### The data:
=== Section Start ===
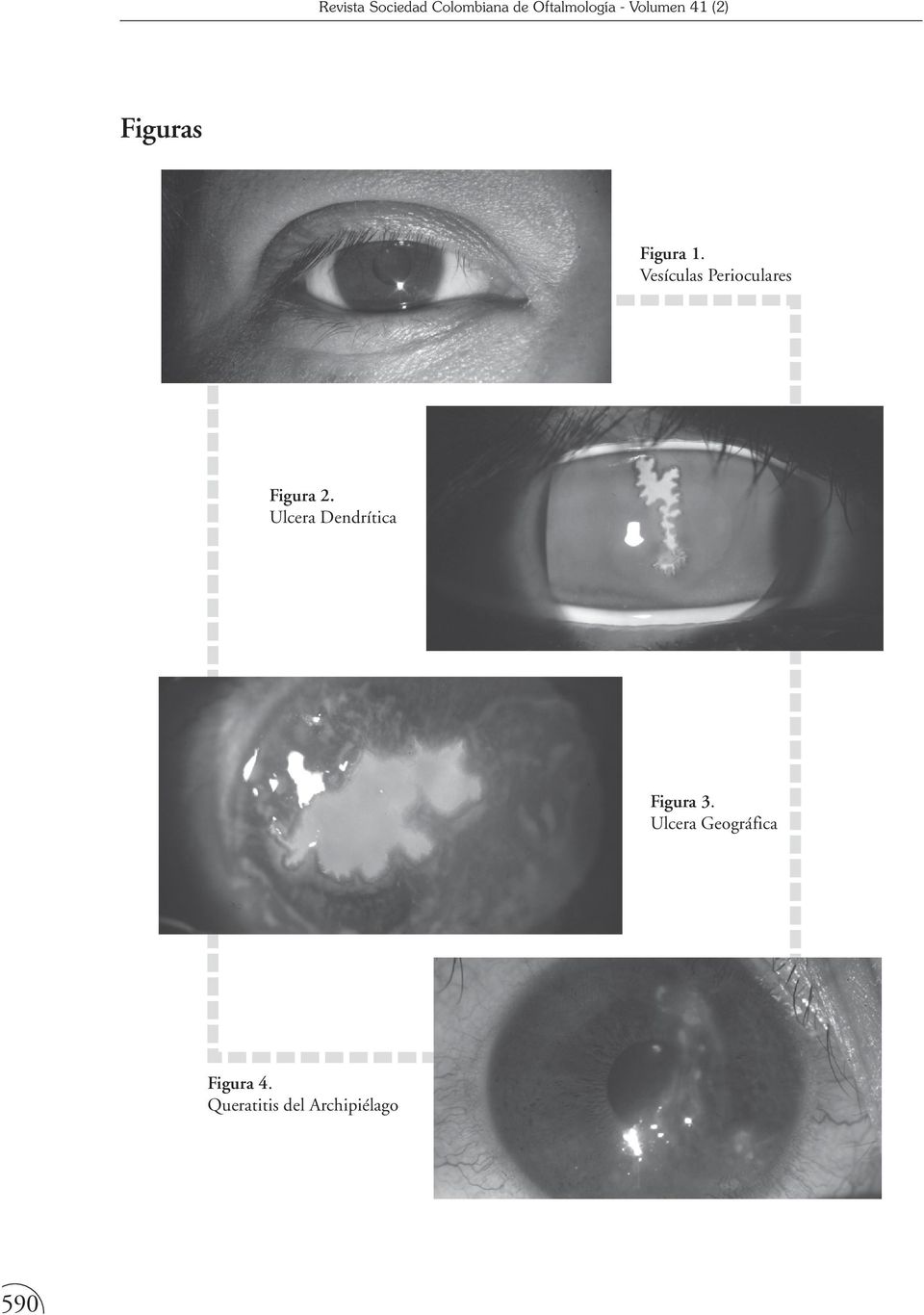 Ulcera Dendrítica Figura 3.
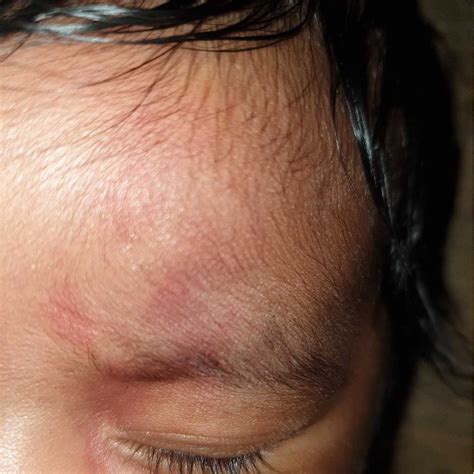 Baby Gets Red Patches On Her Forehead Firstcry Parenting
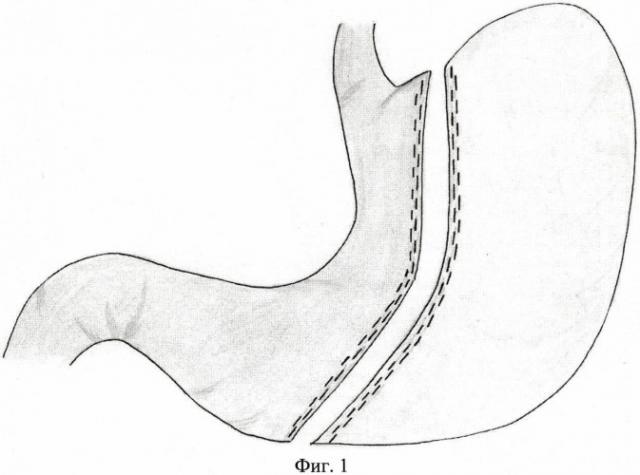 Способ хирургического лечения морбидного ожирения (патент 2428941)
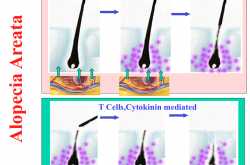 Ruxolitinib a cancer drug restores hair growth in Alopecia areata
=== Section End ===
### Required action:
Please print the line that contains "Baby Gets Red" along with every later line of the material, exactly, through the last one. Leave pictures out of the copy.

### Result below:
 Baby Gets Red Patches On Her Forehead Firstcry Parenting
 Способ хирургического лечения морбидного ожирения (патент 2428941)
 Ruxolitinib a cancer drug restores hair growth in Alopecia areata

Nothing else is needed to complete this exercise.